Election présidentielle : Assimi Goïta sur les traces de Dadis Camara ?




Le colonel Assimi Goïta va-t-il prendre le pari “risqué” de suivre les traces de Dadis Camara ? A un an de la présidentielle de 2022, le vice-président de la Transition au Mali fait parler de lui. Et pour cause :

Ce dimanche 07 mars, un leader d’un mouvement citoyen proche de l’armée, disant œuvrer pour la réussite de la transition, a jeté un pavé dans la mare, déclarant que le colonel Goita sera leur candidat aux prochaines élections.

« Assimi Goïta sera notre candidat, le candidat du peuple ! Il va gagner les élections ! » L’appel choc de Issa Kaou Djim a fait sursauté certains malien. Car si l’ex leader du CNSP (Conseil National pour le Salut du Peuple) qui avait renversé Ibrahim Boubacar Keita le 19 août 2020, décidait de se porter candidat aux prochaines élections, ce serait en violation de la charte de la transition.
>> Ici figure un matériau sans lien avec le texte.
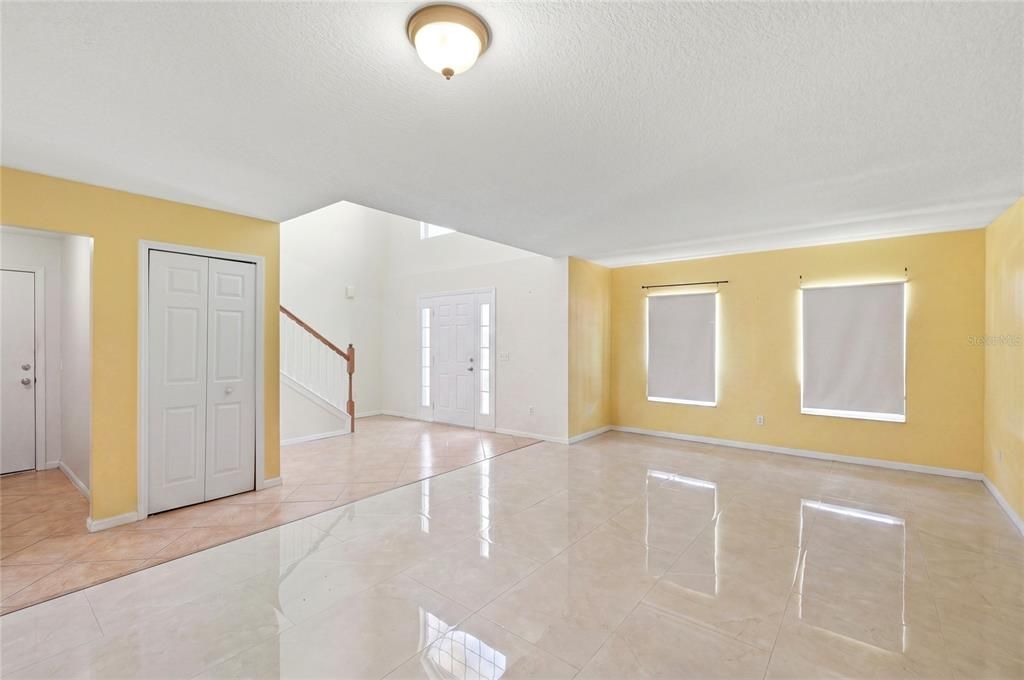 For Sale: $349,000 (6 beds, 4 baths, 3920 Square Feet)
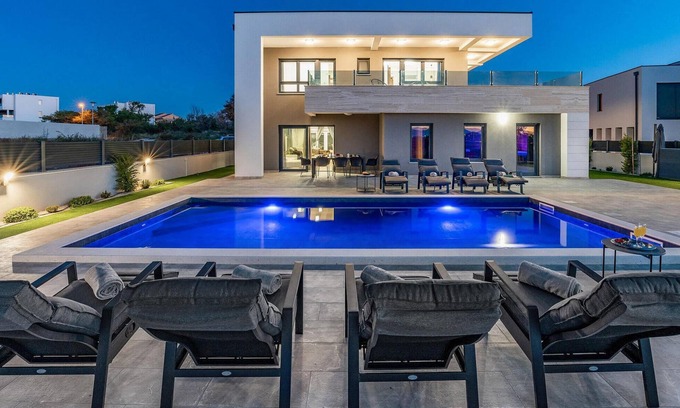 Nin House | Amazing home in Nin with house sea view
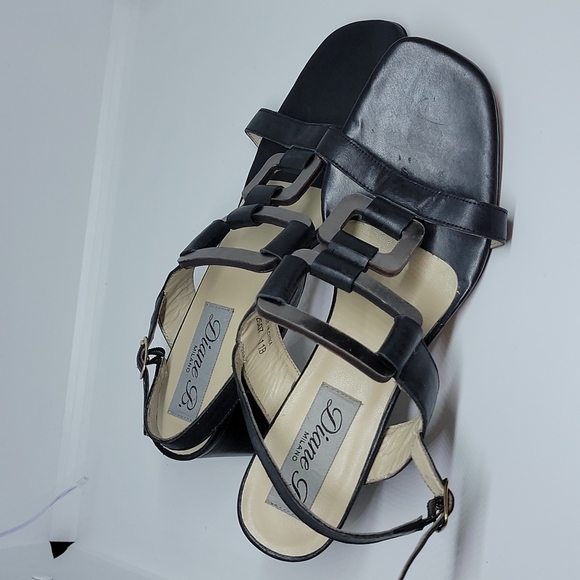Diane B Milano 2507 strap sandals 11 - Picture 2 of 4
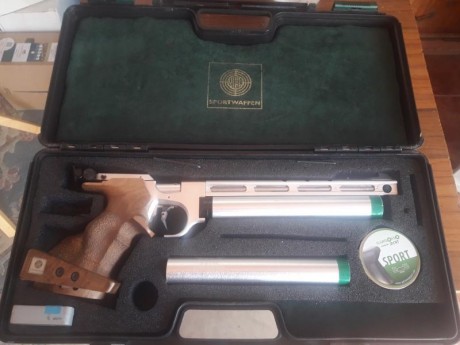 Buenos días.
Pongo a la venta esta magnifica pistola de aire comprimido marca Steyr 4,5.
las botellas 31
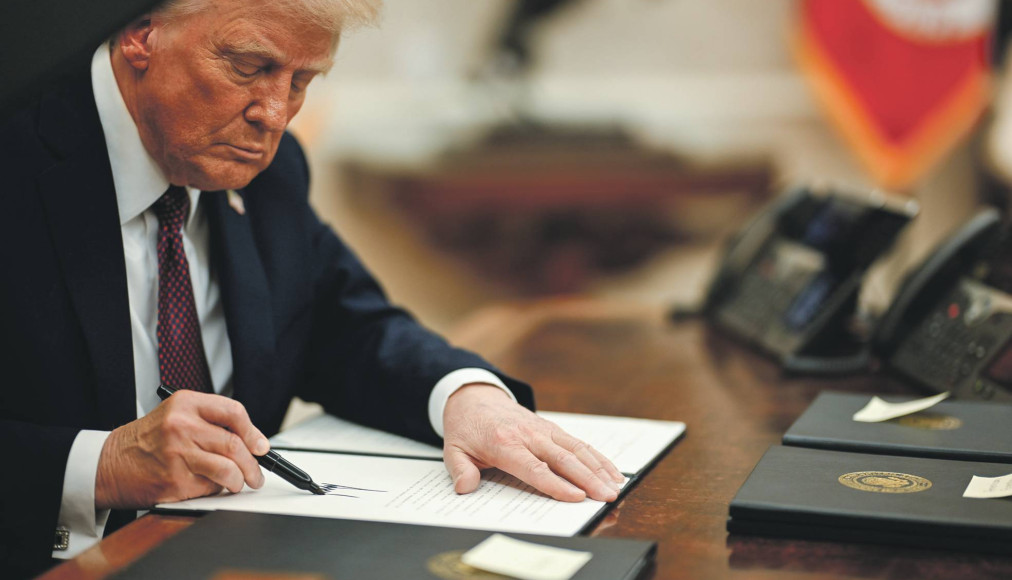 Donald Trump signe un décret officialisant le retrait des Etats-Unis de l’Organisation mondiale de la santé, le 20 janvier 2025, à la Maison-Blanche. / © 2025 / The Trump White House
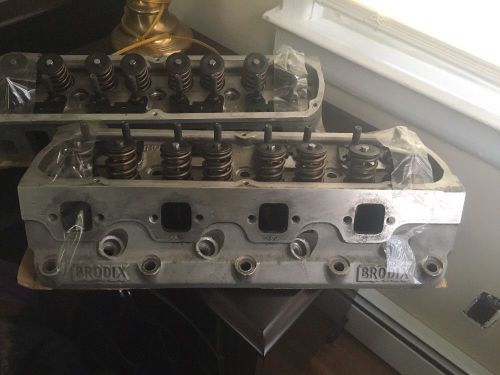 Sbf aluminum brodix heads!!!!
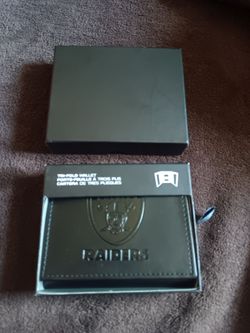 New Raiders Wallet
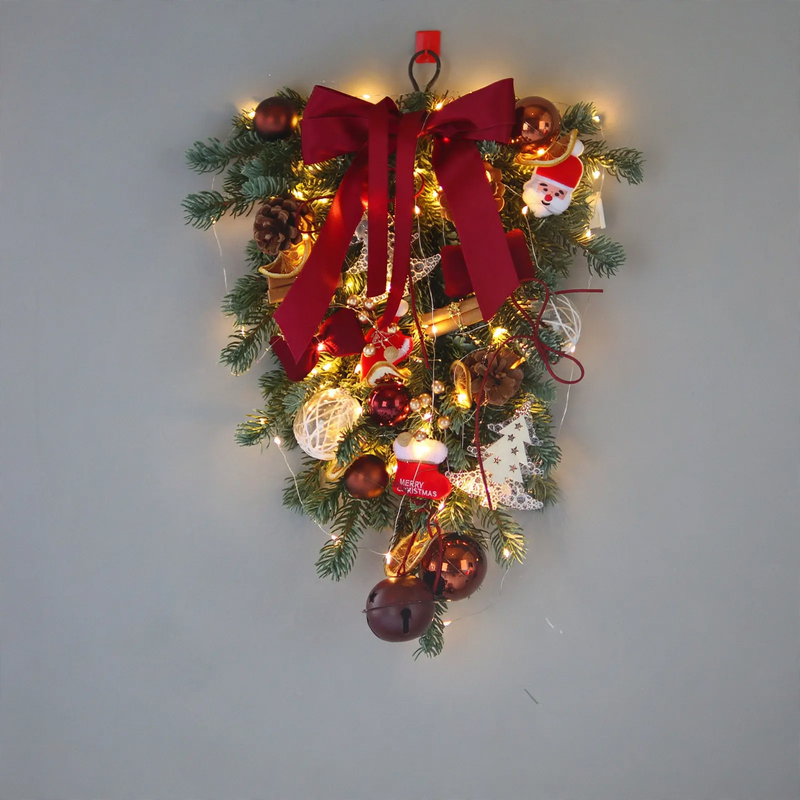 Christmas wreath with pine cones, various sizes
Même si pour le moment le colonel Assimi Goita ne s’est pas prononcé sur son éventuelle candidature ou pas, mais ce scenario rappelle un autre similaire. La Guinée. Pendant le règne de junte, c’est comme ça que des petits mouvements “lampions” avaient induit Dadis Camara en erreur, lui promettant leur soutien pour sa candidature. La suite on la connait, puisque le chef du CNDD (conseil national pour la démocratie et le développement) avait fini par trahir son “serment”.

Difficile de ne pas faire un parallèle entre ce qui se joue au Mali à un an de la présidentielle et le cas Moussa Dadis Camara. L’ex chef de la junte qui avait pris le pouvoir en 2008, avait juré de ne pas se présenter à l’élection présidentielle de 2010, avant de se rétracter.

Ce revirement à 360 degré avait été l’élément déclencheur du bras de fer entre la junte et les forces vives, à l’époque. Un bras de fer qui avait débouché au carnage du stade du 28 septembre 2009 et à l’attentat contre Dadis le 03 décembre de la même année.

Conduit au Maroc pour des soins, il finira par être écarté de la conduite de la Transition, gérée par le Général Sékouba Konaté. Débarqué à Ouagadougou pour sa convalescence, M. Camara vit depuis au Burkina Faso, en “exil forcé”.